───── Supplied entries ─────

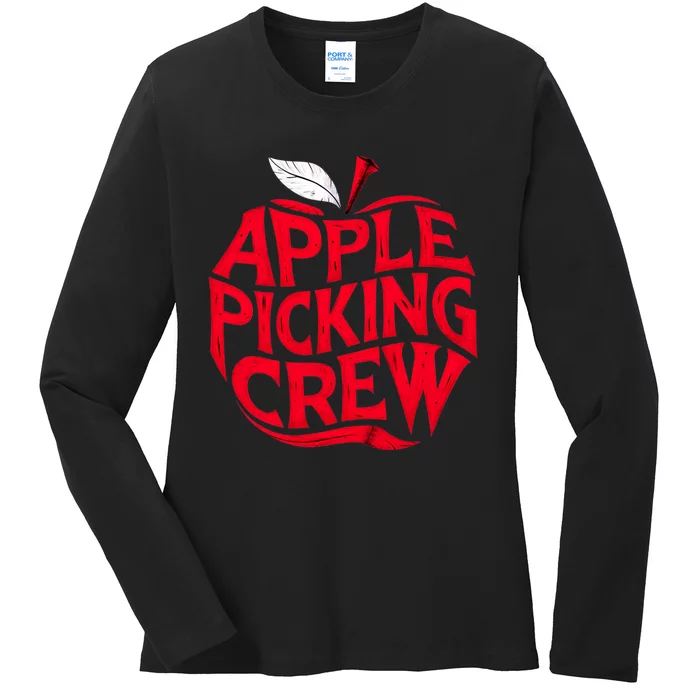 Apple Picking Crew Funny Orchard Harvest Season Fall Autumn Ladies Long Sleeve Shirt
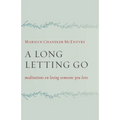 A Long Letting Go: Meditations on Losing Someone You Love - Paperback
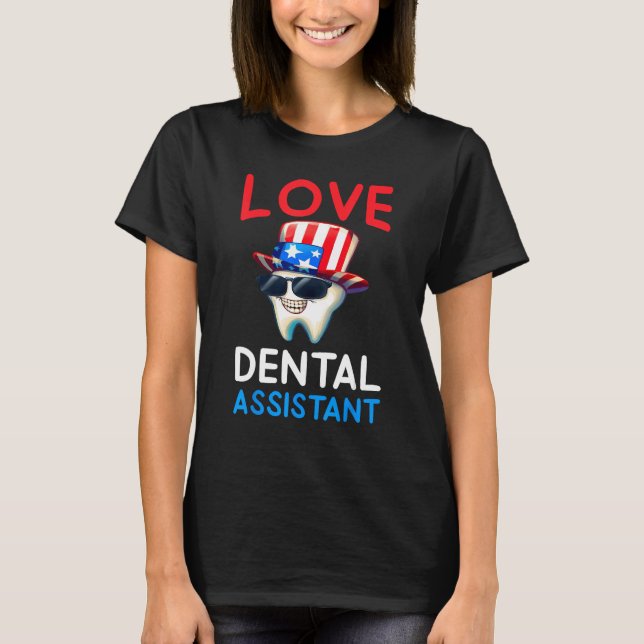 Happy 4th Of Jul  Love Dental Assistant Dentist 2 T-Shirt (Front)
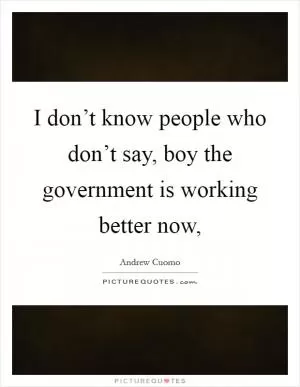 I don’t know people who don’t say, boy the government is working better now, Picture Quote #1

─────
───── Supplied entries ─────

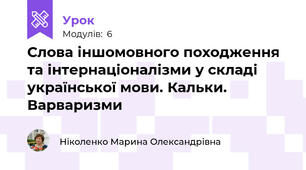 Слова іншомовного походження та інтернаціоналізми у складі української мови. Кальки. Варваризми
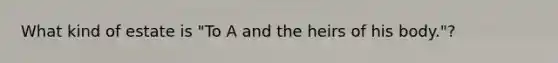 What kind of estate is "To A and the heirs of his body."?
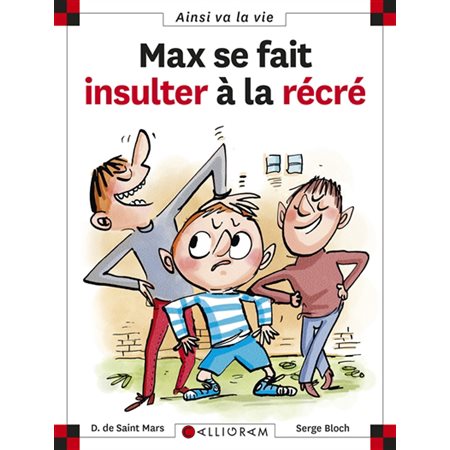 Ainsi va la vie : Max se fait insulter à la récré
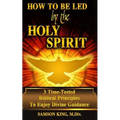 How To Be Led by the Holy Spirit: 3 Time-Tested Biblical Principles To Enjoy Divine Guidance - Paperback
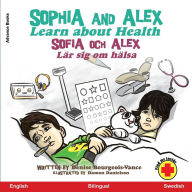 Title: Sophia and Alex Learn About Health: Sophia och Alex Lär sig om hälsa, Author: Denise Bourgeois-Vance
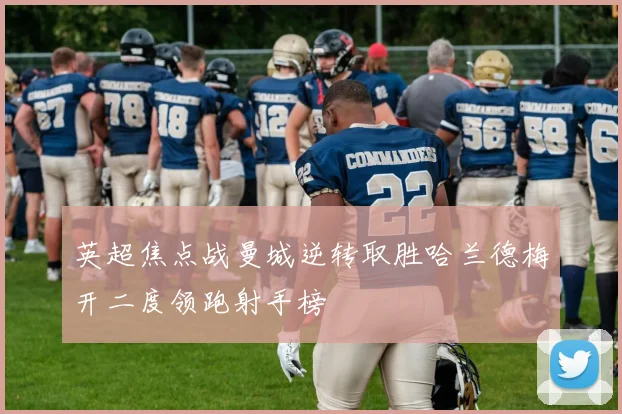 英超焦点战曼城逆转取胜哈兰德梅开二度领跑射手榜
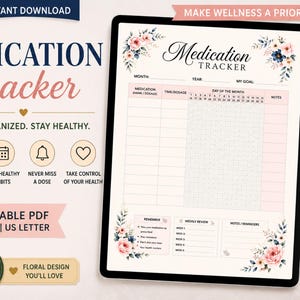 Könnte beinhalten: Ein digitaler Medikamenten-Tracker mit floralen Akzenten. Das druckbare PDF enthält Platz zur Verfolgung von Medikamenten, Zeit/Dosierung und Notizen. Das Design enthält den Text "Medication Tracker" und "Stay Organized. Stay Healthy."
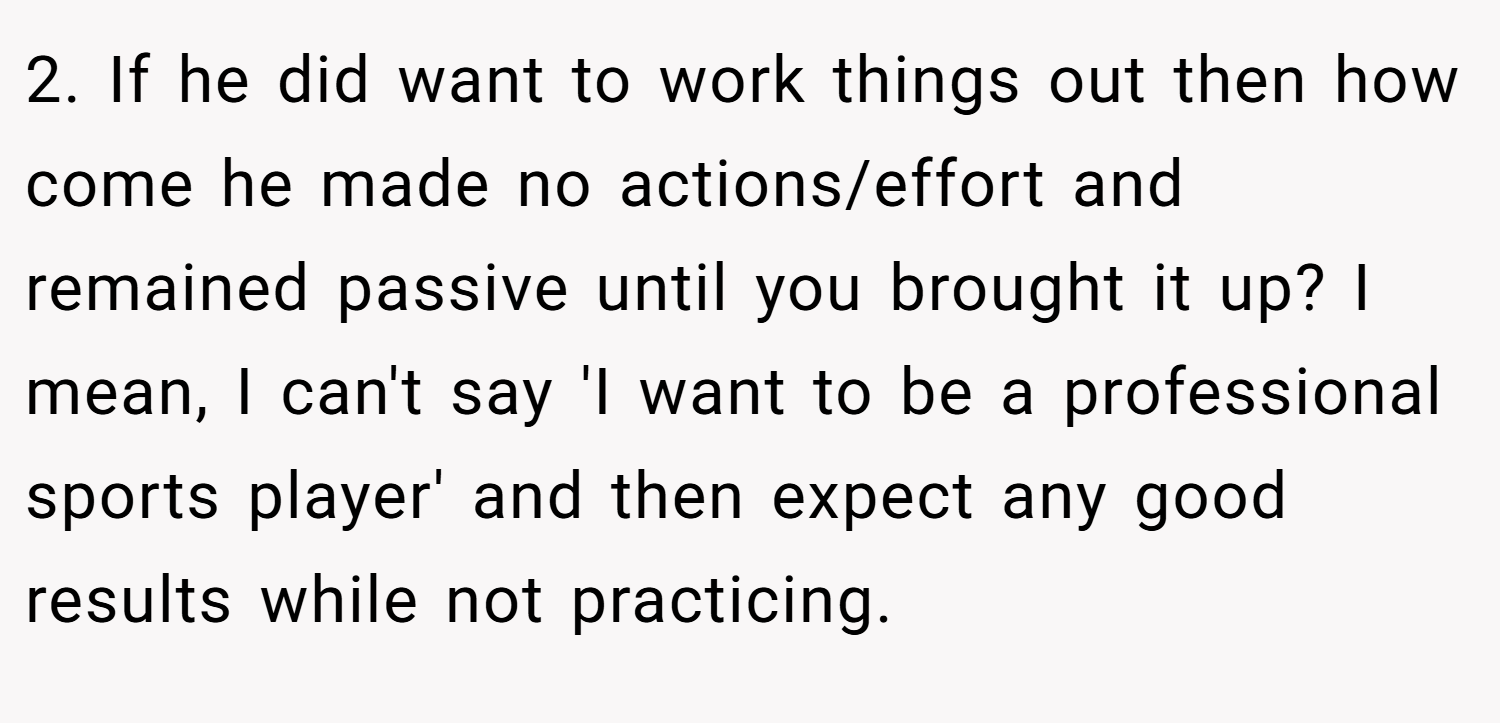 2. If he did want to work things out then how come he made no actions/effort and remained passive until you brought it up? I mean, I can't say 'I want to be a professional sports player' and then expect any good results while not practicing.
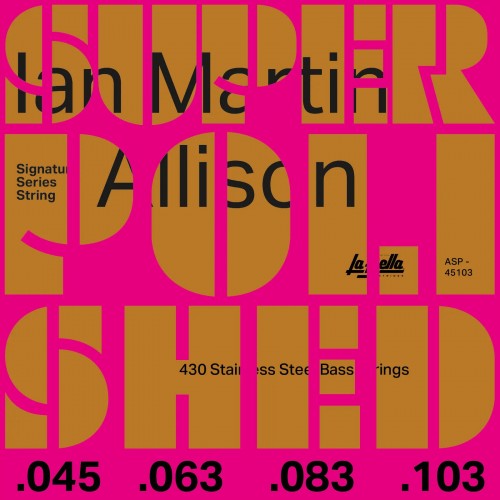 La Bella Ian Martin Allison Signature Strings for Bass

─────

(Activity): Above are the records; restate exactly the lines from the one containing "Слова іншомовного походження" through the one containing "La Bella Ian", keeping pictures out.

(Task output):
 Слова іншомовного походження та інтернаціоналізми у складі української мови. Кальки. Варваризми
 What kind of estate is "To A and the heirs of his body."?
 Ainsi va la vie : Max se fait insulter à la récré
 How To Be Led by the Holy Spirit: 3 Time-Tested Biblical Principles To Enjoy Divine Guidance - Paperback
 Title: Sophia and Alex Learn About Health: Sophia och Alex Lär sig om hälsa, Author: Denise Bourgeois-Vance
 英超焦点战曼城逆转取胜哈兰德梅开二度领跑射手榜
 Könnte beinhalten: Ein digitaler Medikamenten-Tracker mit floralen Akzenten. Das druckbare PDF enthält Platz zur Verfolgung von Medikamenten, Zeit/Dosierung und Notizen. Das Design enthält den Text "Medication Tracker" und "Stay Organized. Stay Healthy."
 2. If he did want to work things out then how come he made no actions/effort and remained passive until you brought it up? I mean, I can't say 'I want to be a professional sports player' and then expect any good results while not practicing.
 La Bella Ian Martin Allison Signature Strings for Bass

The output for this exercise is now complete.